PROBLEM TO WORK ON:
Apart from the pictures, please restate every entry below exactly.

BEGIN TASK MATERIAL

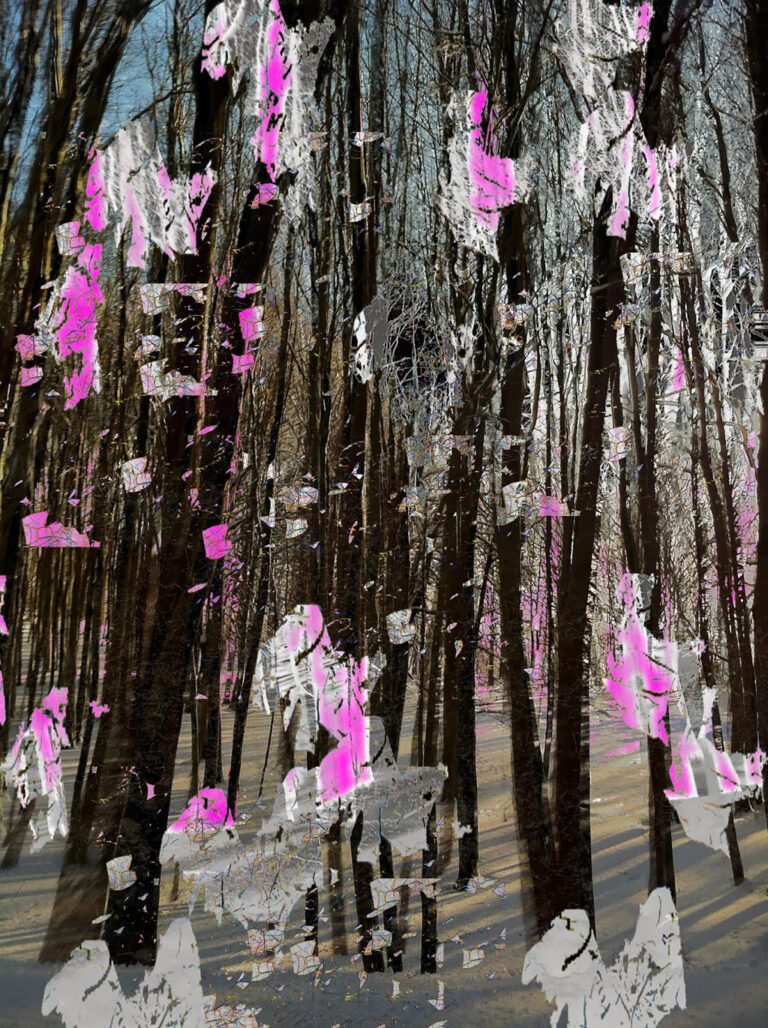 Gianluca CapozziTrees5 2014 matite colorate pennarello acrilico su foto digitalizzata e stampata su plexiglas trasparente 92x69x08 CM Postille sul paesaggio, a Verona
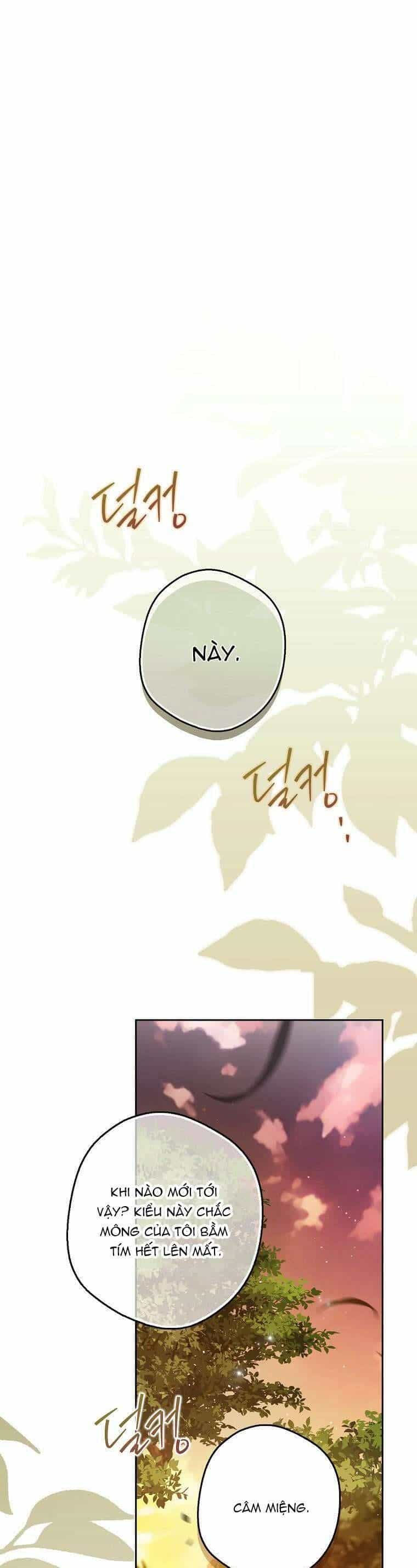 Hầu Tước Marron - Chương 1 - ảnh 19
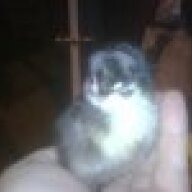 CypressValleySouthern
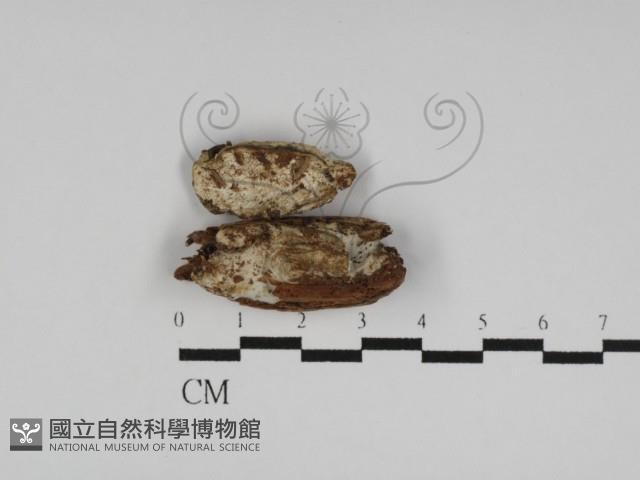 寡孔菌屬藏品圖，第1張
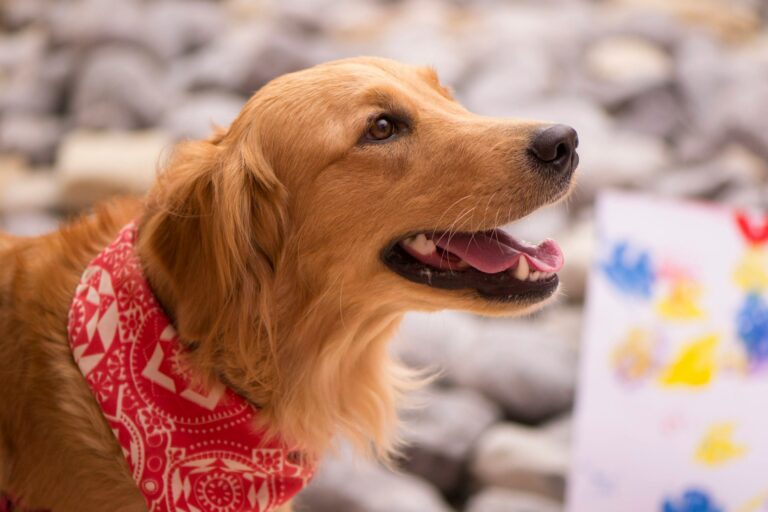 15 Dog Breeds That Are Surprisingly Easy to Train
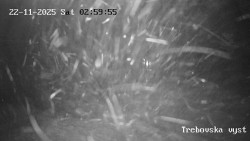 Sjezdovka Třebovská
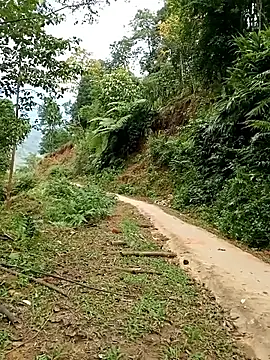 Dung-Thao19 online show from 11-24-25, 02:55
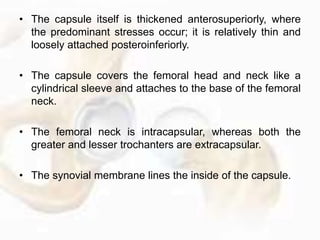 • These forces create
a bending moment
(or set of shear
forces) across the
femoral neck.
 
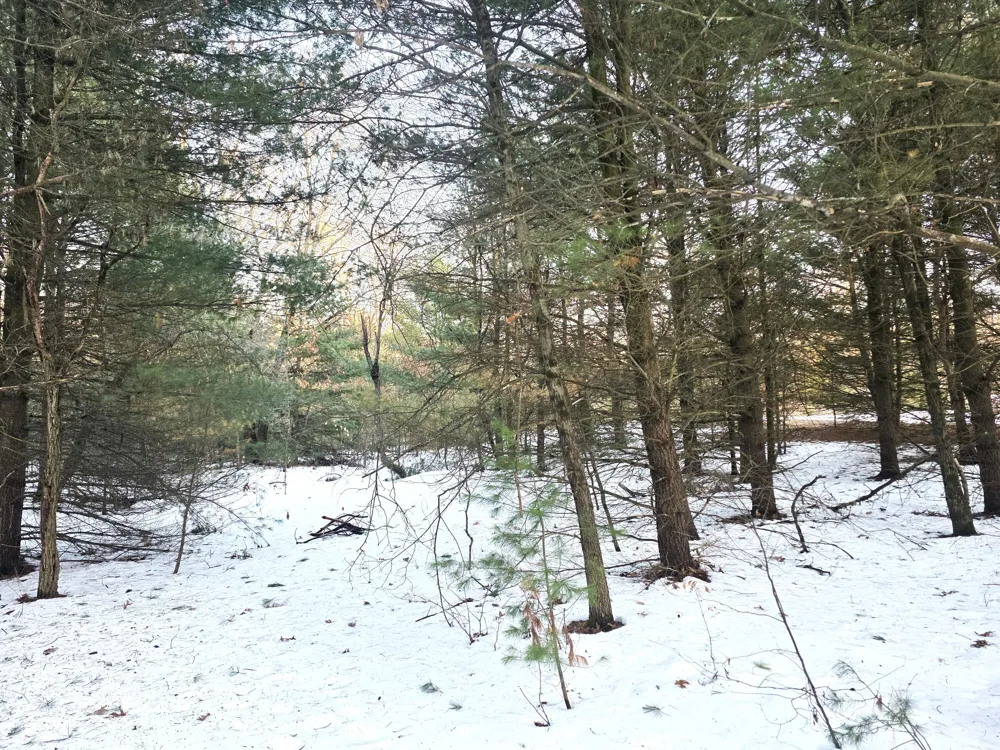 3696 S Locust Avenue Big Prairie Township, MI 49337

END TASK MATERIAL

TASK RESPONSE:
 Gianluca CapozziTrees5 2014 matite colorate pennarello acrilico su foto digitalizzata e stampata su plexiglas trasparente 92x69x08 CM Postille sul paesaggio, a Verona
 Hầu Tước Marron - Chương 1 - ảnh 19
 CypressValleySouthern
 寡孔菌屬藏品圖，第1張
 15 Dog Breeds That Are Surprisingly Easy to Train
 Sjezdovka Třebovská
 Dung-Thao19 online show from 11-24-25, 02:55
 • These forces create
a bending moment
(or set of shear
forces) across the
femoral neck.
 
 3696 S Locust Avenue Big Prairie Township, MI 49337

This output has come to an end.